Russia is currently chairing the Security Council and, according to Jonavičius, is likely to make all possible use of the format in order to show to the world how indispensable a player Russia is.
Americans will talk about Syria
According to the political scientist, Russia is currently doing all it can to remain a consequential player in the international arena, but that, in Russia’s mind, is possible only if the Americans talk to them.
“This means that, if the Americans agree, the problems will be tackled, if they don’t, there might be attempts to foment problems. What should the Americans do – it is a truly difficult question,” Jonavičius says.
He believes that Washington will naturally refocus from Ukraine to Syria.
“When you catch a cold, you do everything to treat the cold. But if, while treating the cold, you break a leg, you quite naturally forget the cold and concentrate on your leg. Ukraine in this case is like treating a cold, while the Middle East is a broken leg. The Russians are trying to poke at the broken leg,” the political scientist explains.
He adds that the United States is likely to agree to talk about Syria, even though President Barack Obama called al-Assad a tyrant.
“I think the Americans will negotiate on Syria. Will this mean concessions on Ukraine? Probably not, at least formally they will not admit, but they will pay less attention,” Jonavičius notes.
Russia back on stage
The political scientist Jasutis says that when UN Secretary General Ban Ki-moon said that the Syria issue required an agreement among the US, Russia, Saudi Arabia, Iran and Turkey, he already attached importance to Russia.
Before its aggression in Ukraine, Jasutis says, Russia had no longer been regarded as a key player in the world, but now Moscow is once again included among the big global powers.

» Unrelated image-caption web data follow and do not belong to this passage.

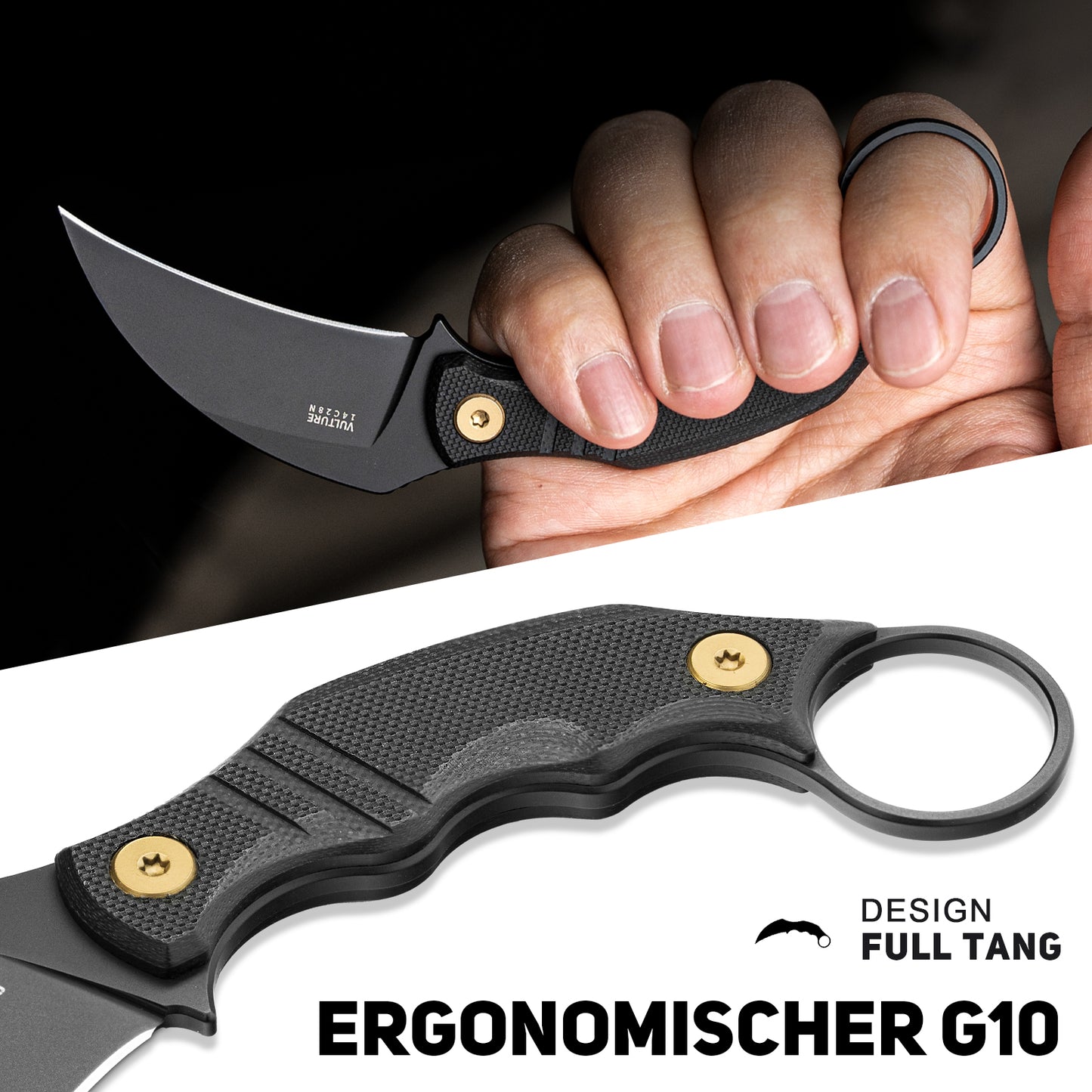NedFoss Couteau de cou VULTURE, 6 cm Acier 14C28N FULL TANG Couteau d'extérieur Survie avec manche G10 et étui Kydex, mini couteau fixe dans une boîte cadeau pour collection, camping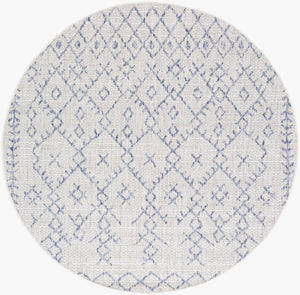 Livabliss Eagean Bohemian Geometric Flatweave Polypropylene Rug for Indoor Outdoor Living Spaces Oatmeal, Gray 7'10" x 7'10" EAG2403-710RD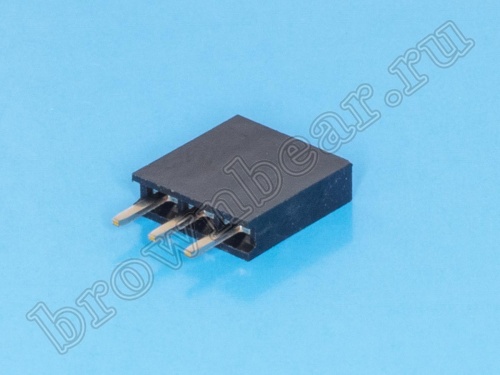 Разъем 1х3 гнездо на плату, шаг 2.54 мм фото 3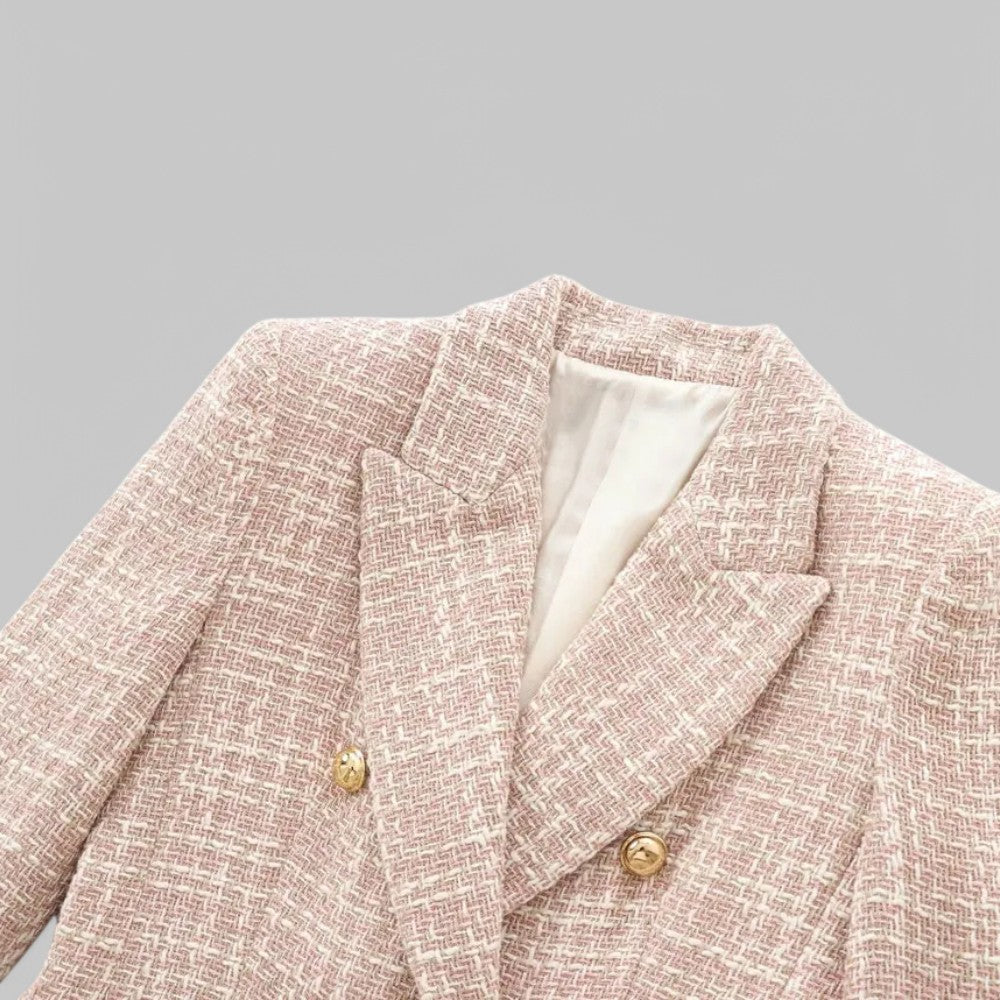 Kvinders Klassiske Dobbeltradede Lyserøde Tweed Blazer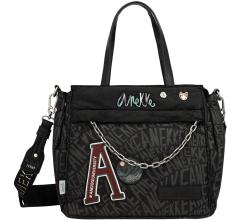 Henkeltasche Anekke Nature Woods schwarz Logoprint Kette recycled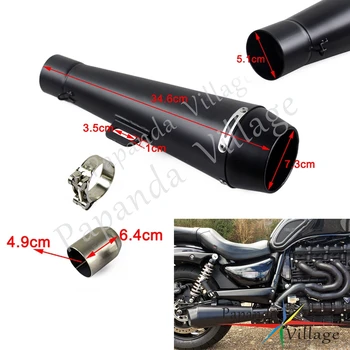 

Papanda Black 51mm Motorcycle Exhaust Muffler Pipe Universal Street Bike Slip on Silencer Pipe For Yamaha Honda Quad ATV Scooter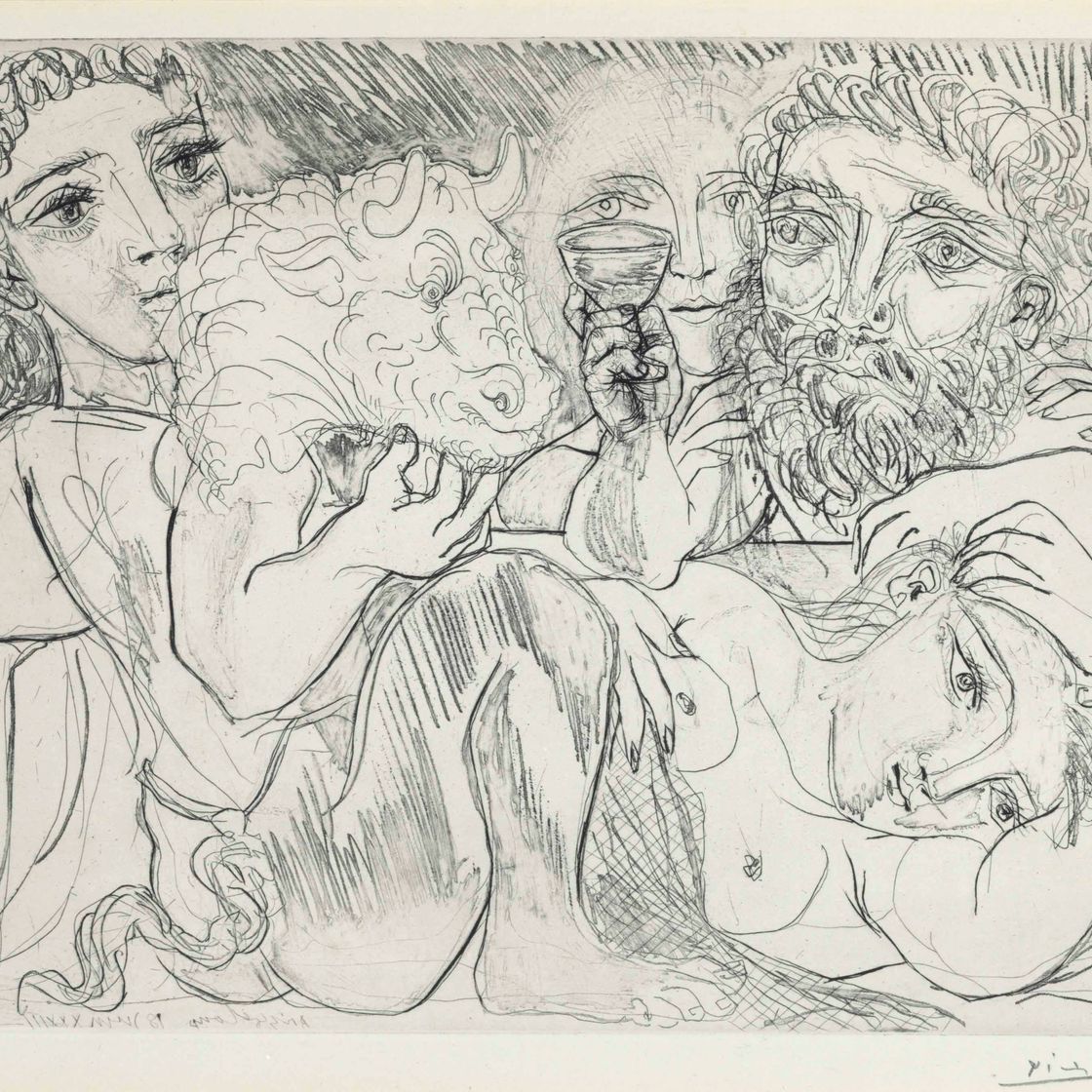 Pablo Picasso — Минотавр, мужчина и женщина, из "Сюиты Воллара"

“For Russia, it’s fantastic news,” he says.
Is it possible to find a solution in Syria without Russia’s involvement? Jasutis is sceptical about such a possibility.
The conflict has been going on since 2011 and the Western powers have done little besides organizing air strikes on ISIS and half-heartedly supporting moderate opposition for al-Assad, something that Putin ridiculed in his UN speech.
“In some sense, this [Putin’s speech] is a kick for the international community. Perhaps it will make the US, Germany, France to take a more serious look at the essence of the problem and stop whining about the refugees who are but a small consequence of the issue at hand,” Jasutis says.
The political scientist claims that the Democrats, who currently control the White House, are reluctant to play a more assertive role in international politics. Meanwhile Russia exhibits incredible energy: it has gotten Iraq to agree to share intelligence information about ISIS, it is cooperating with Egypt, Israel, Iran.